I felt myself begin to blush just a bit – men moving fast and sometimes getting pushy was nothing new to me, but I had never been approached by a trans woman as forward as this one. In my experience, trans women were far more often reserved, not necessarily shy but always cautious, no doubt all-too-painfully aware of their extra vulnerability, implicitly asking me to show that I’m not the kind of man who would ignore that or worse, take advantage of it. On some level, I’m aware that I’m living out the fantasy of a chaser, a confident, assertive, transgender woman knows what she wants and isn’t afraid to take it, and what she wants is, apparently, me. I’d lie if I said I wasn’t flattered.

Still, it was extremely short notice, and I was a bit too old to drop everything and chase pretty girls like the big bad wolf after Little Pink Riding Hood.

 

Gorgeous and psychic, talk about a double whammy! I’d love to see you, in any outfit you like. Tonight is short notice though – will you be in town for the weekend?

 

As soon as I send the message, the “byrrrrup!” sounds off again and a reply is waiting for me.

 

I’m sorry, short notice indeed, but it has to be tonight. How about in exchange for putting up with my busy schedule, I treat you to dinner and drinks?

 

So, she’s as persistent as she is beautiful, and she even wants to take me out. I wonder what it is about my relatively plain profile that makes me so interesting to her. I won’t pretend I’m not flattered, and a bit giddy despite myself.

I can’t let a woman a decade younger than me pay for our date, though. I know, chivalry is stupid and patriarchal, and it’s not like e-publishing works like Butt Vultures of Death Valley Devour My Dracula Ass has made me anything close to a millionaire, but even if she’s a model (she could be a model, it occurs to me) or she works in tech or something, I’m in a comfortable enough position not to take advantage of her charity.

I check the clock. It’s a quarter past two in the afternoon. There’s no chance my editor will be done looking over Socialist Ostrich President before tomorrow afternoon. Despite what some of my detractors think, I never use ChatGPT or any other generative nonsense in any part of my writing process, so it’s not as if I can just set some auto-writing machine to get plugging away at another novel. Not that I would say I categorically hate AI, or the people who use it, but I’m deeply suspicious of the people who currently own it and the infrastructure surrounding it, and more to the point – why would I want or need a prompt generator to tell me “write a story about the city of Chicago having lesbian sex with the new girl in town” when I can come up with those ideas all on my own, and have more fun doing it?

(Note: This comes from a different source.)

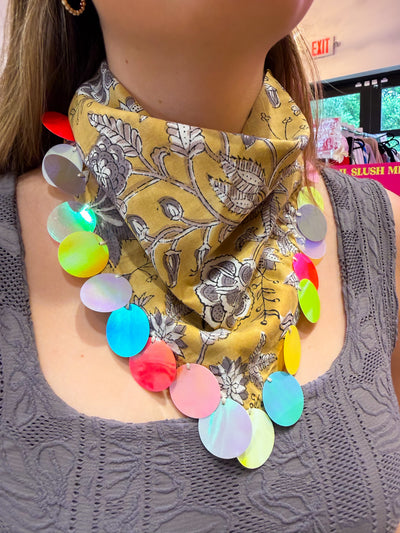 Natural Sequin Bandana
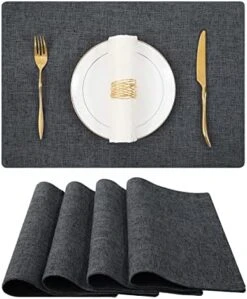 Cotton Linen Placemats For Dining Table Set Of 6, Heat Resistant Washable Table Mats, Easy To Clean Place Mats, 13" X 19", Blue -Generic Furniture Shop 51aKm32tEPL. AC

I figure, what the hell? Was I really going to do anything better with my night? Stay in, heat up some leftover chicken, watch Kung-Fu reruns again?

 

I can’t let you pay for my dinner. But if you must, you may buy me one drink.

 

Do you mind if I pick a place? I’m a bit autistic. I like consistency in food.

 

Byrrrup!

 

How can this woman type so fast? Let’s go to your favorite place! I don’t mind if it’s fancy, a chain, or anything in between. Send me a time and an address I’ll be there. Looking forward. 😊

I sent her a Google map location, and a suggested time, and several hours later at twenty to seven PM, I hopped in my 2019 Subaru Impreza and set course for my favored watering hole, the Old Spaghetti Factory of Billings, Montana.